Esta treta da Polícia da Humidade à Tasca da Régua foi sempre um conceito abstracto muito pouco bem ou mal esclarecido. Pretendia a Humidade policiar a Estação, de forma a evitar problemas entre militares das humidades de Lamego e Vila Real, ou energúmenos oriundos de outras chancelarias que se pudessem envolver em acaloradas discussões ou mesmo demonstrações de virilidade mecânica agressiva, entre si, com outros, ou de qualquer outra forma. Em primeiro lugar devo dizer que ninguém estava preparado para gerir um conflito dessa ordem. Não tínhamos equipamento nem efectivo para realizar cabalmente essa tarefa. Meia dúzia de gatos pingados cheios de sono a deambular pela estação, não metiam medo nem às velhotas que vendiam rebuçados à porta, quanto mais aos magalas facínoras sedentos de dar e receber porrada em nome de eventuais rivalidades relacionadas com especialidades militares (como a jardineira de Mafra ou a feijoada à transmontana). A verdade é que durante o nosso reinado isso nunca aconteceu. Por vários motivos. Primeiro porque os de Vila Real não eram visíveis (eram seres minúsculos, desfardados e como tal irreconhecíveis, que viajavam incógnitos em comboios fantasma - daqueles dos parques de diversões e das romarias). Em segundo lugar, porque não havia motivo nenhum para se pegarem à porrada uns com os outros, e se o fizessem por desporto, o problema era deles e nós não queríamos misturas com gente dessa. Em terceiro lugar porque as forças da ordem tinham por hábito esconderem-se nas ruas manhosas da Régua e por lá ficavam a dormitar. Em quarto lugar, não podemos esquecer que a uns 500 metros da estação havia uma padaria que fazia as delícias daqueles pobres combatentes gelados. Em quinto lugar, porque havia um condutor que era daquelas bandas e quando estava de serviço a esta porra, levava o pessoal no jipe para casa dele, e passavam o tempo a fazer de polícia à adega e a fiscalizar os enchidos. Em sexto lugar, porque nós é que mandávamos e nós é que impúnhamos as regras.

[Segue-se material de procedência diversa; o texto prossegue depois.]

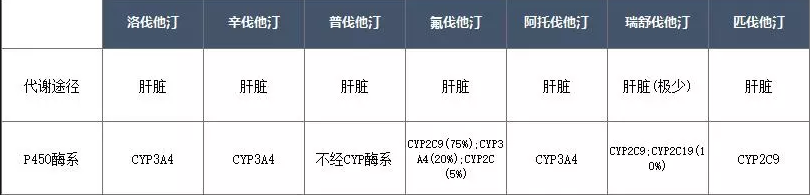 他丁类药物的安全性对比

Convém lembrar que alguém levantou uma vez a questão de Vila Real fazer também o policiamento às plataformas. Outro alguém (um letrado qualquer do QP) disse que o serviço era alternado. Alternado como se somos sempre nós? É à vez, um ano cada humidade. Humidade precisava ele lá em casa! – a verdade é que esta trenguice só nos tocava a nós e andamos por lá a perder o nosso rico tempinho e a inventar concursos que nos podiam valer uma porrada jeitosa – e tudo por culpa do Mandante que aceitou que os seus homens vergassem a servis em tão pouco nobre vil tarefa. Paz à sua alma.